Copying rule for the data below: pictures stay out, and only the lines from the one with "Tall Night Out In Paris Straight Leg" down to the one with "驚艷！川西小九寨松坪溝的秋色絕了一日打卡攻略", inclusive, are repeated exactly.

------ Available data

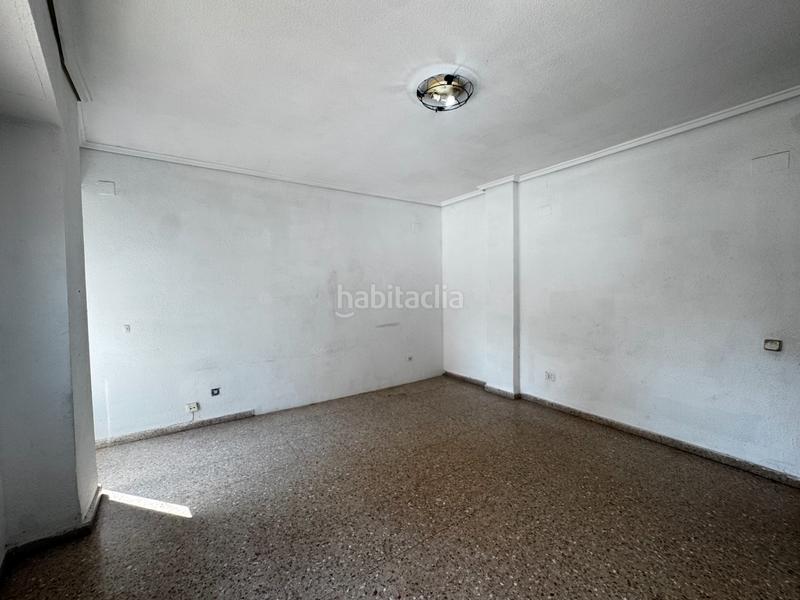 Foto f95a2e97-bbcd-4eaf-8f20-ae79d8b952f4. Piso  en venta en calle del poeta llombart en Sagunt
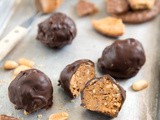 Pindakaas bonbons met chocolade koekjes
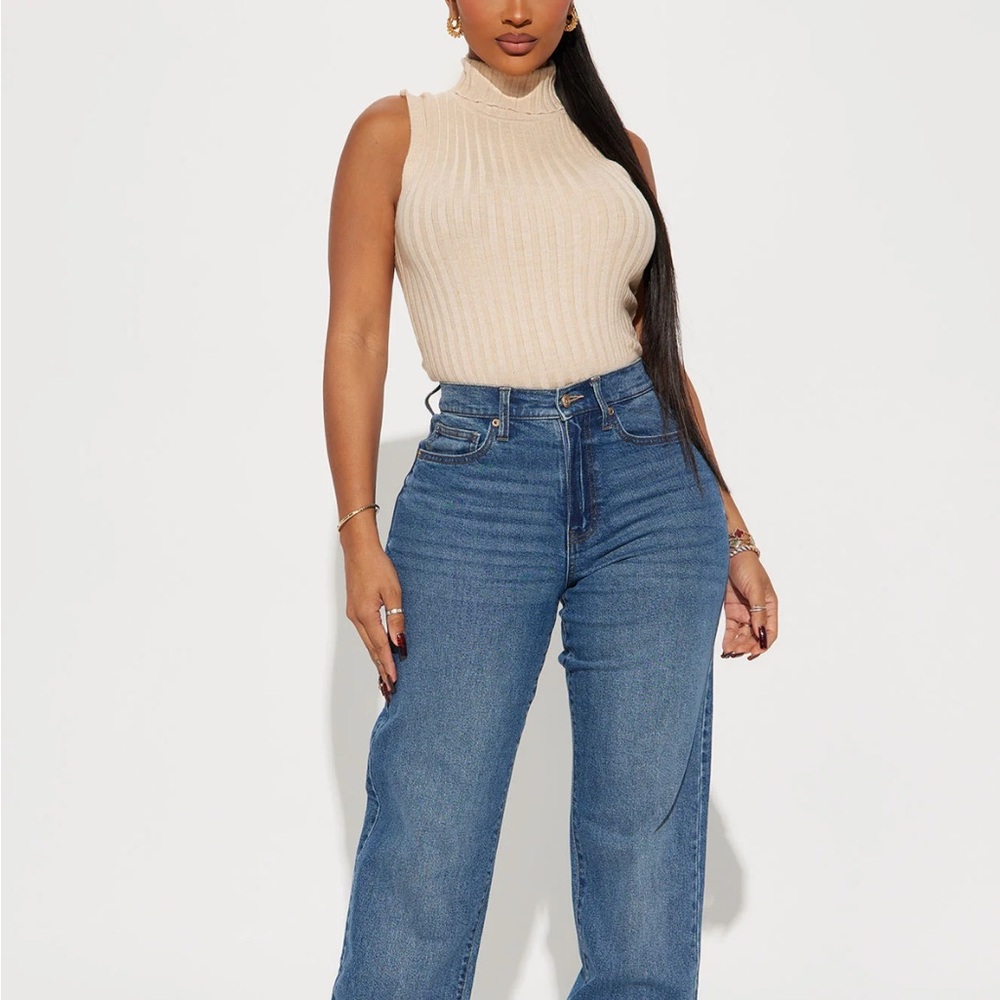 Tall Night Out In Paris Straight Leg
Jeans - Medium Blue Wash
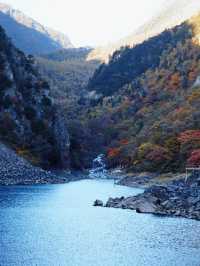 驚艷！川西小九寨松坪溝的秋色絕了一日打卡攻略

------------
------ Available data

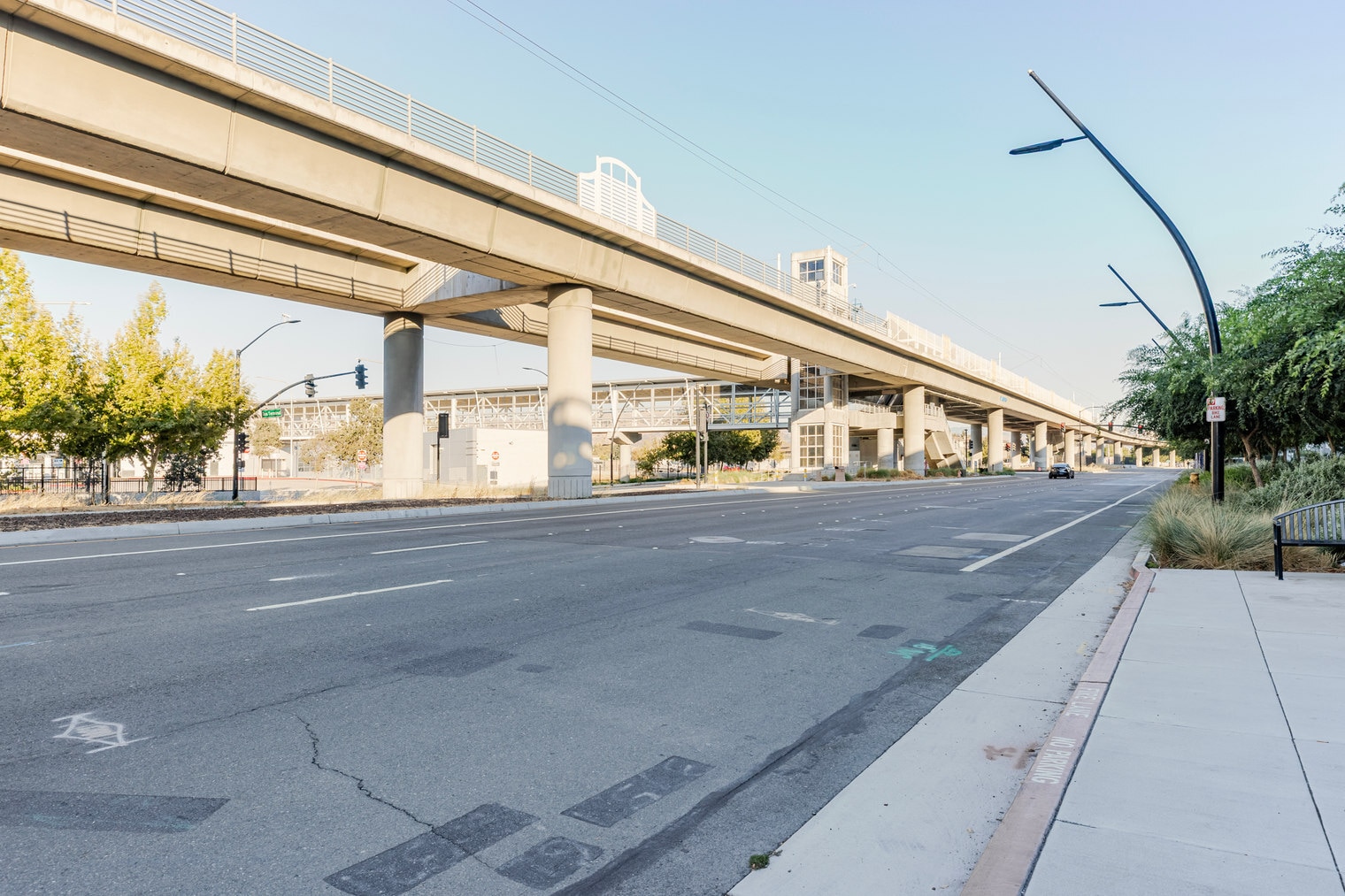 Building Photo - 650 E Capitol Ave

------------
------ Available data

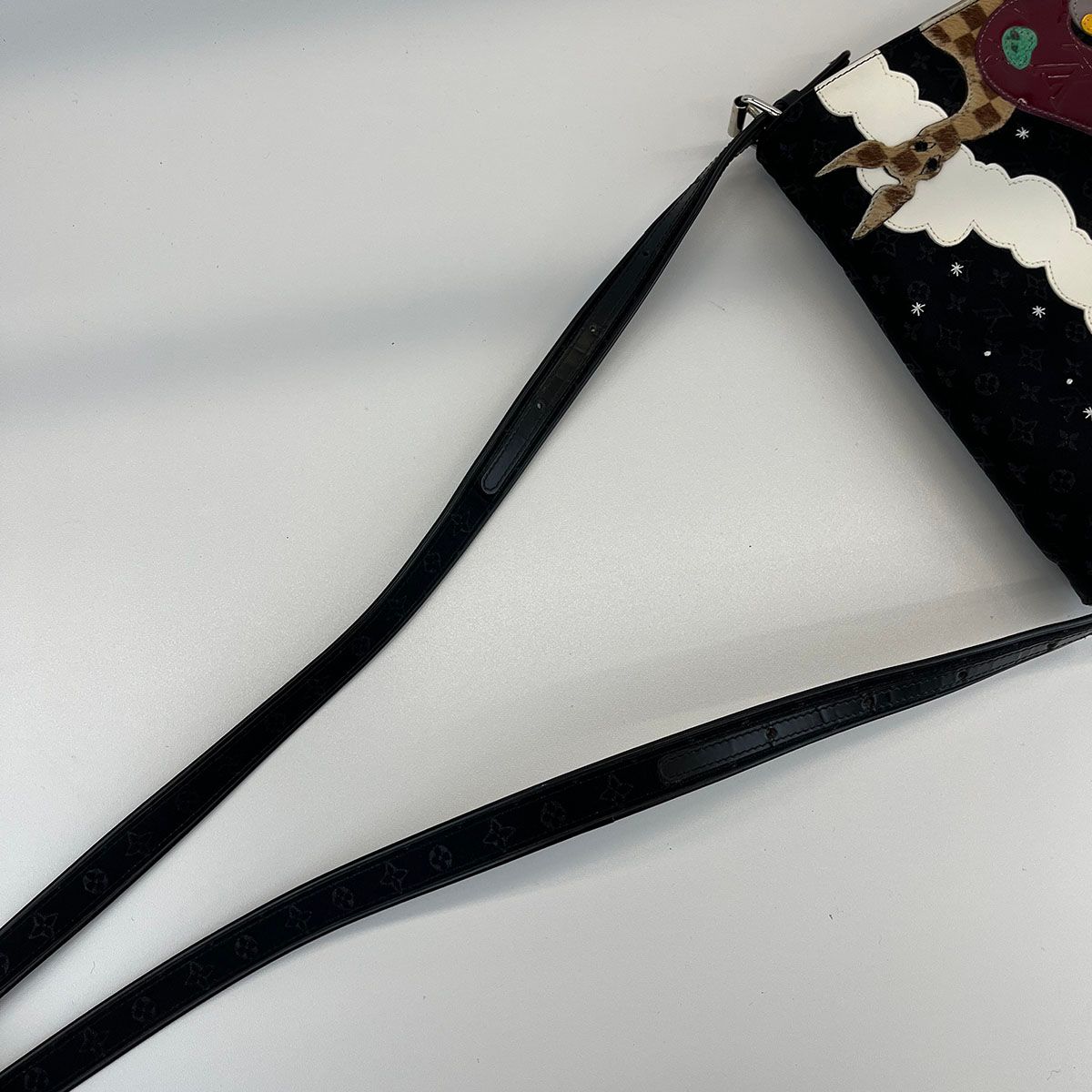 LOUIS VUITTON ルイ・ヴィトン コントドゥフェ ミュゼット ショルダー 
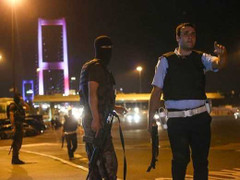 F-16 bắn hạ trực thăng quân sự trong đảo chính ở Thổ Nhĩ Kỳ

------------

▶ _Completed exercise_:
 Tall Night Out In Paris Straight Leg
Jeans - Medium Blue Wash
 驚艷！川西小九寨松坪溝的秋色絕了一日打卡攻略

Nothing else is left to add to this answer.